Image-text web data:
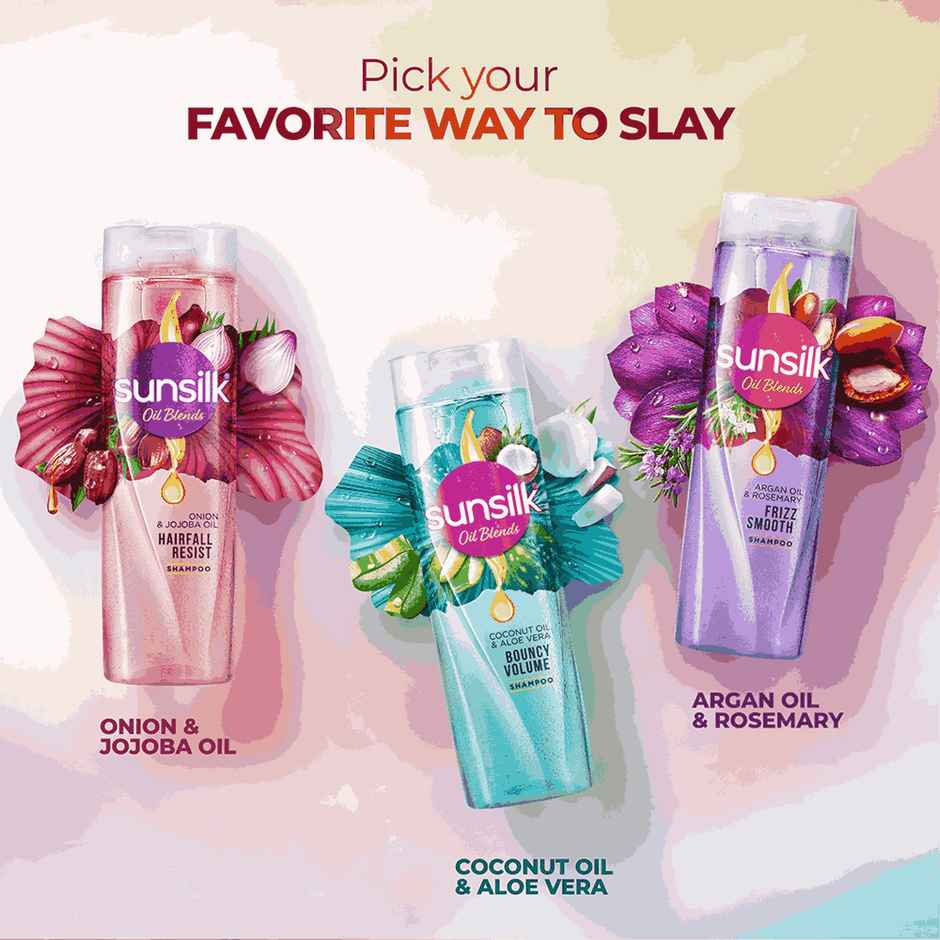 Sunsilk Onion & Jojoba Oil Hairfall Shampoo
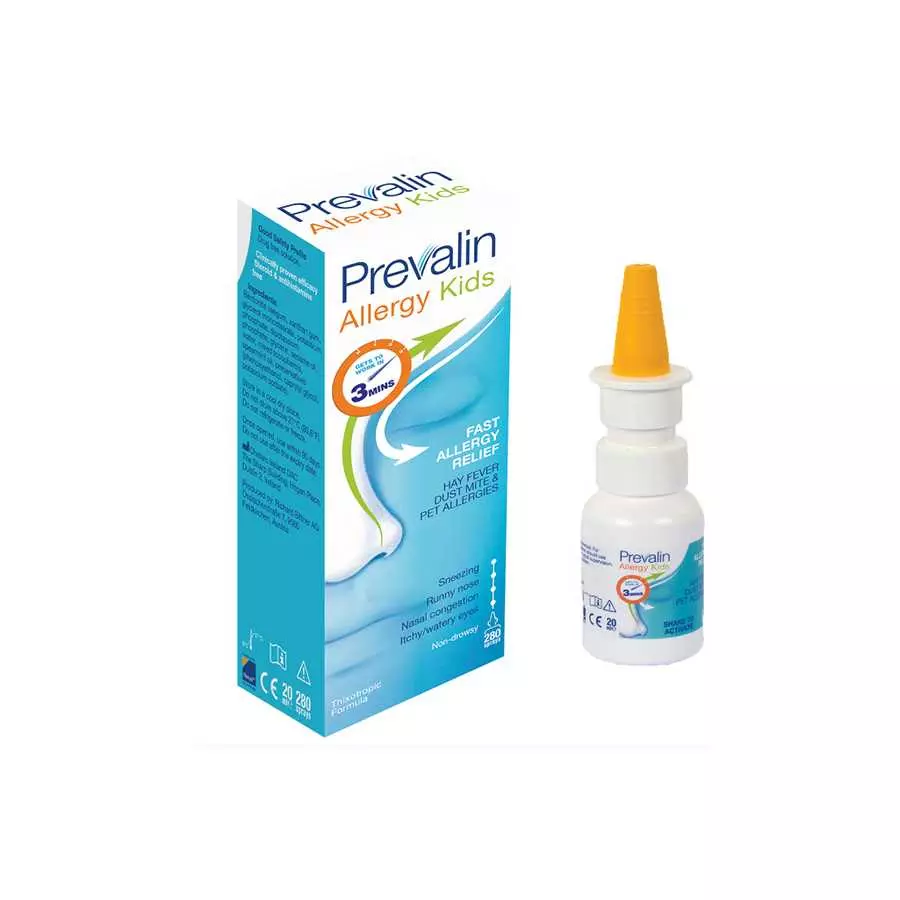 Prevalin Allergy Kids Nasal Spray For Kids 20ml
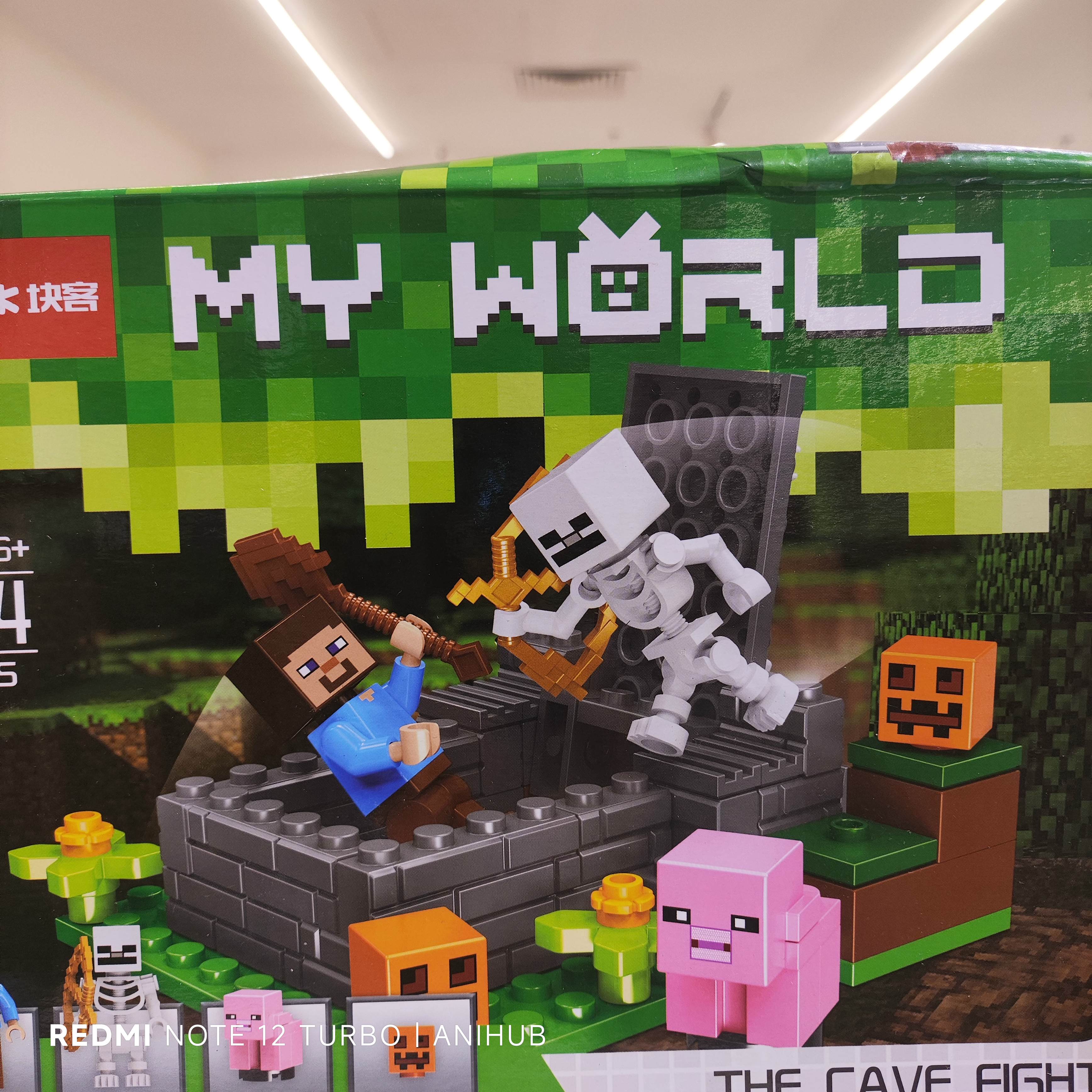 Mine Craft Lego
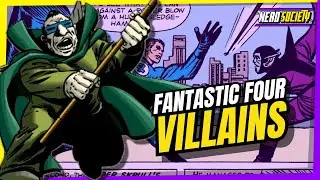 The First Villains Who Tried to Destroy the Fantastic Four!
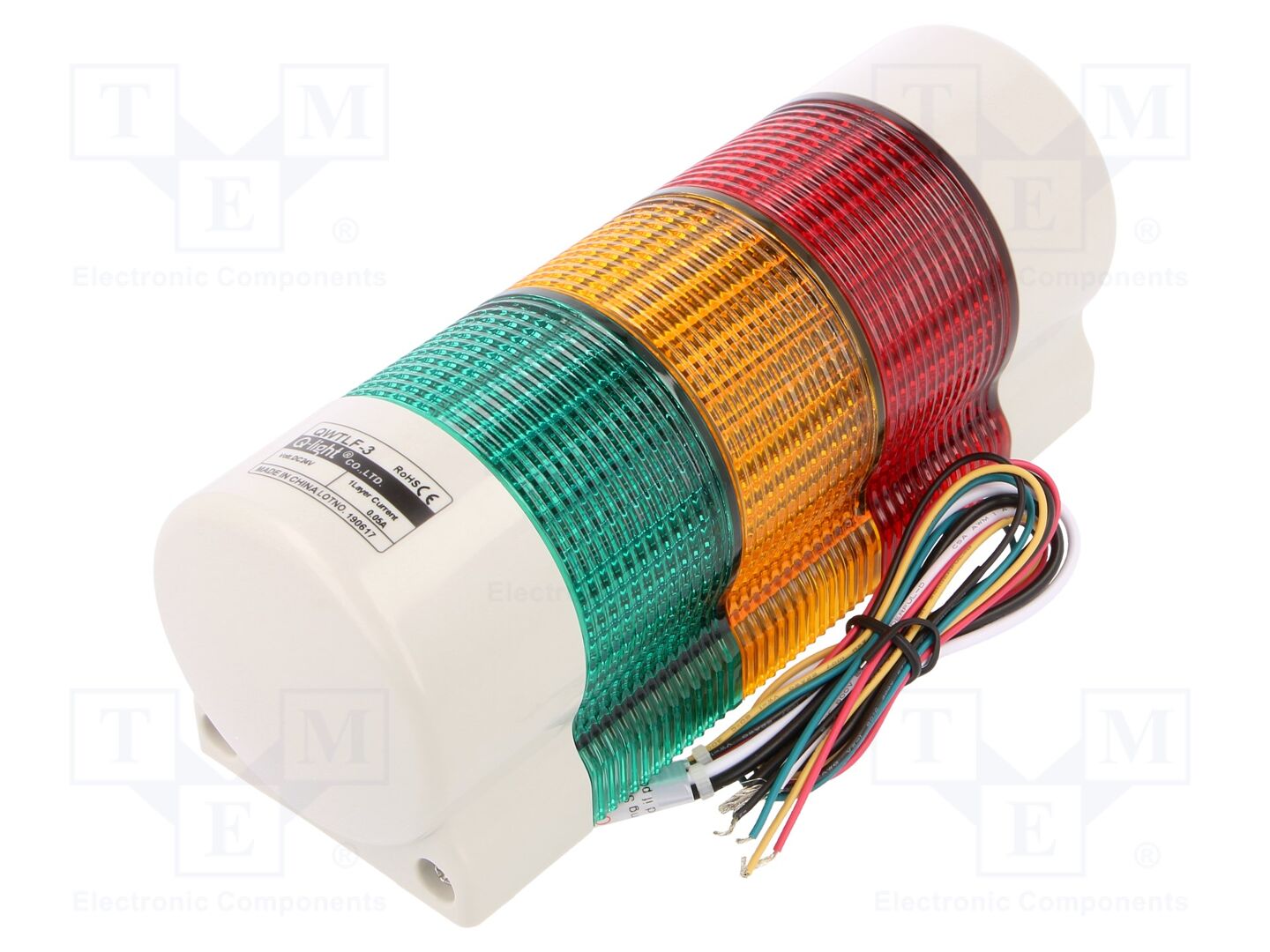 QLIGHT QWTLF-3-24-RAG Signalling column 24VDC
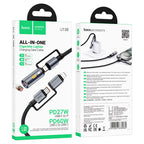 Cable Type-C / iP to Type-C / cigarette lighter “U138” 60W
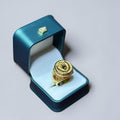 Anillo Estilo Corona en Oro Laminado 18K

* Task description:
Copy exactly the lines from the one containing "Prevalin Allergy Kids" to the end of the records, both included, and leave the pictures out.

* Result for this task:
 Prevalin Allergy Kids Nasal Spray For Kids 20ml
 Mine Craft Lego
 The First Villains Who Tried to Destroy the Fantastic Four!
 QLIGHT QWTLF-3-24-RAG Signalling column 24VDC
 Cable Type-C / iP to Type-C / cigarette lighter “U138” 60W
 Anillo Estilo Corona en Oro Laminado 18K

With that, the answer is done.